_Information provided_
——————————
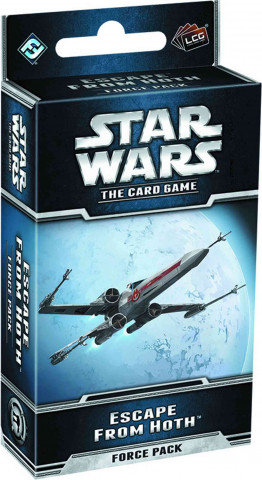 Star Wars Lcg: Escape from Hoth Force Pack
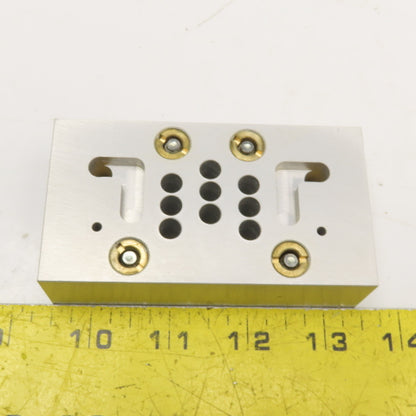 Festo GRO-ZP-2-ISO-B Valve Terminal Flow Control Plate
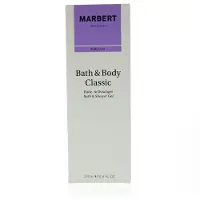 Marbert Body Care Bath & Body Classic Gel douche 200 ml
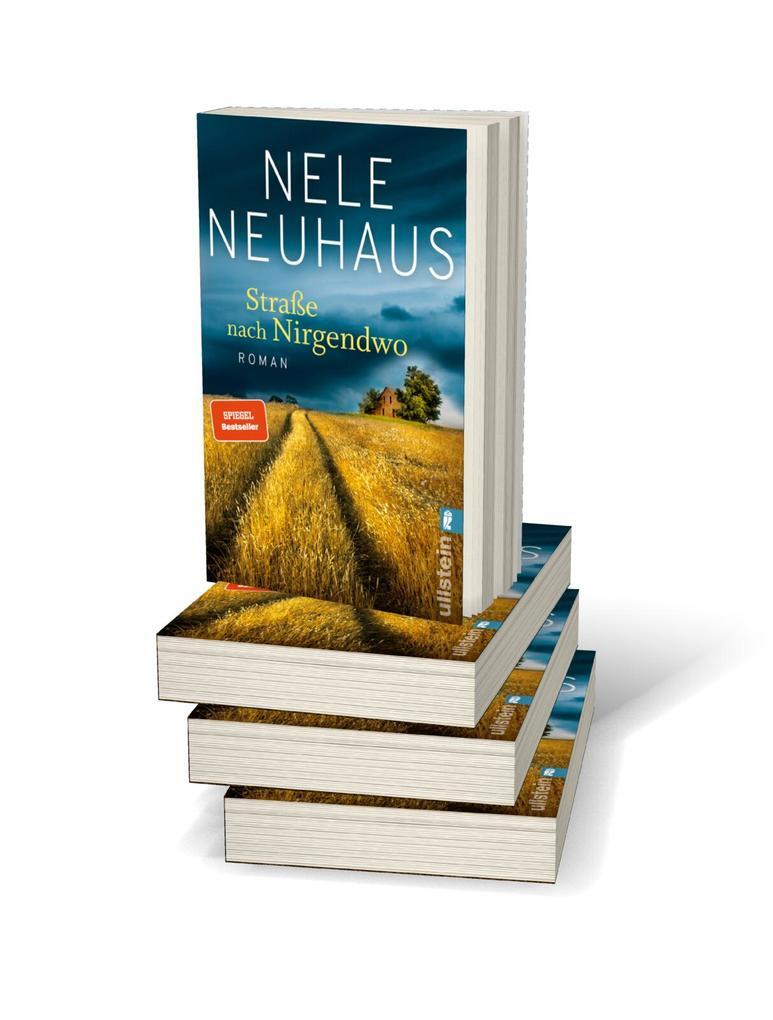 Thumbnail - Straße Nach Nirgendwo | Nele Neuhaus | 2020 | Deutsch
——————————
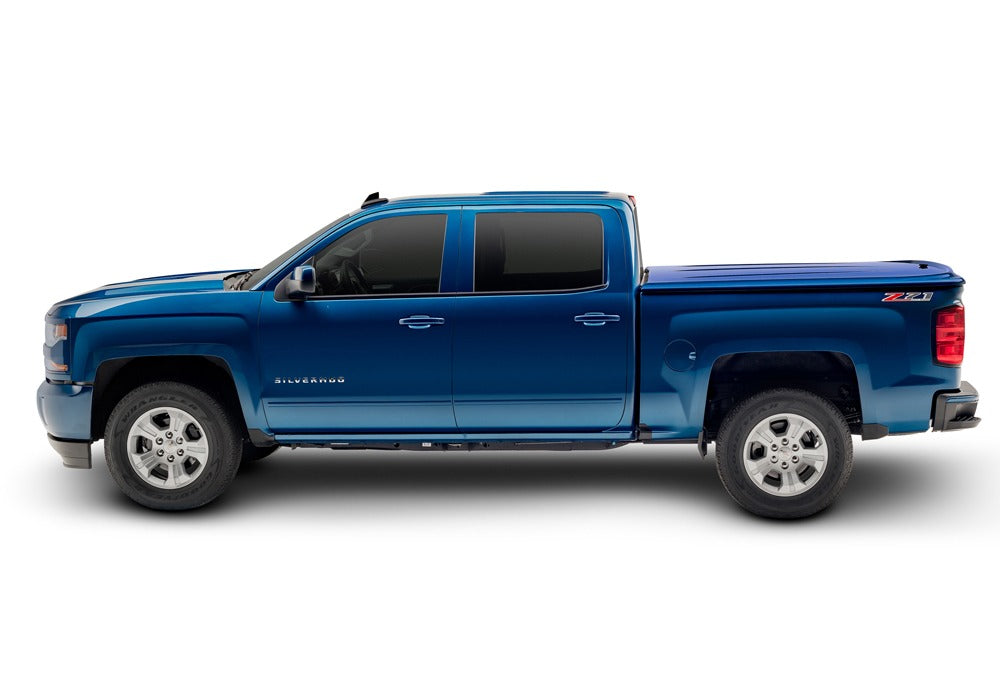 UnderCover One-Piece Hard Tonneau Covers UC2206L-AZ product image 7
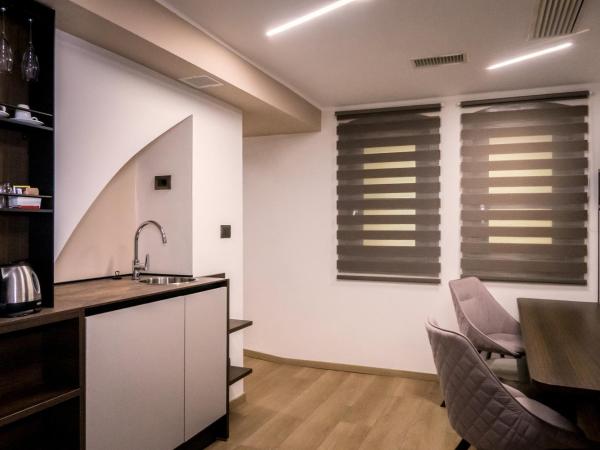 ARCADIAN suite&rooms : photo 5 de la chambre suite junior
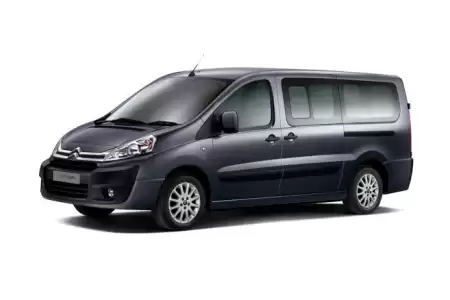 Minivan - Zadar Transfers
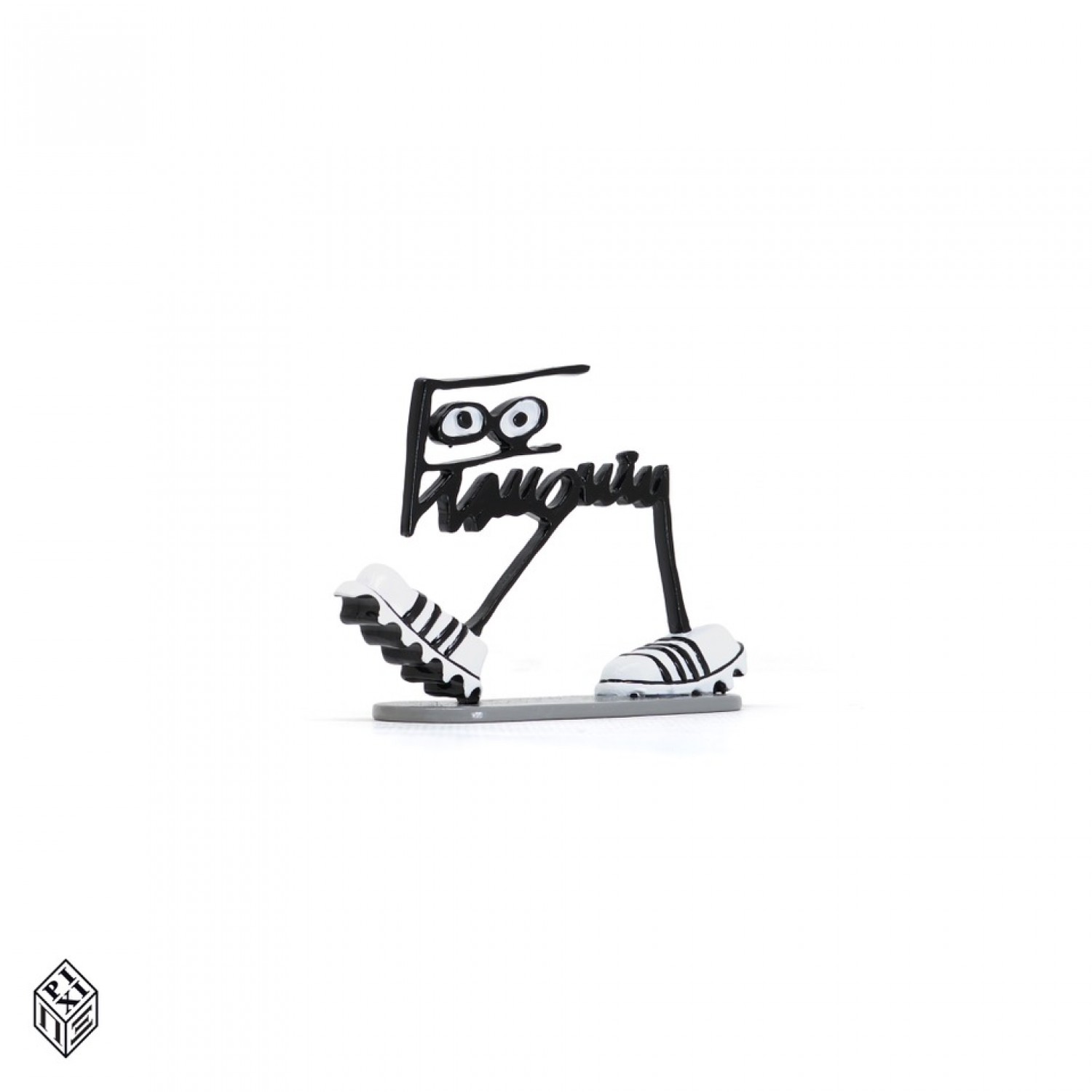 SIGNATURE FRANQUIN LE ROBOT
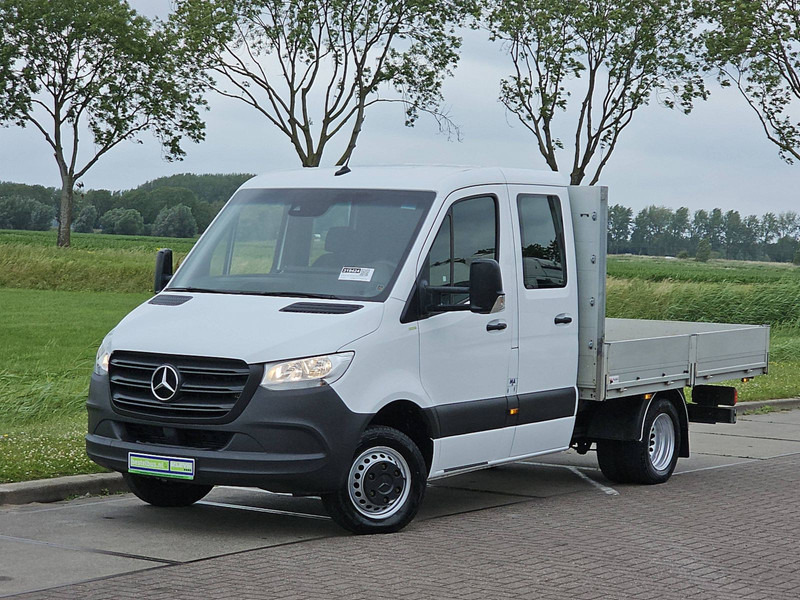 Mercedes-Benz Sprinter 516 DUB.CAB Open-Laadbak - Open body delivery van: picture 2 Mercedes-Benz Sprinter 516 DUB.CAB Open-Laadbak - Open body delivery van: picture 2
——————————
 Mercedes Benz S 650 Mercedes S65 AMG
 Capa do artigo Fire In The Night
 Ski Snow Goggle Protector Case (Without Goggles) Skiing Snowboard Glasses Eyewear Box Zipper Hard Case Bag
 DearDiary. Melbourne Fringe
——————————
_Task statement_
Each line above that falls between the line with "ARCADIAN suite&rooms : photo" and the line with "picture 2 Mercedes-Benz" should be printed exactly, together with those two lines, but the pictures should not.

_Expected answer_
 ARCADIAN suite&rooms : photo 5 de la chambre suite junior
 Minivan - Zadar Transfers
 SIGNATURE FRANQUIN LE ROBOT
 Mercedes-Benz Sprinter 516 DUB.CAB Open-Laadbak - Open body delivery van: picture 2 Mercedes-Benz Sprinter 516 DUB.CAB Open-Laadbak - Open body delivery van: picture 2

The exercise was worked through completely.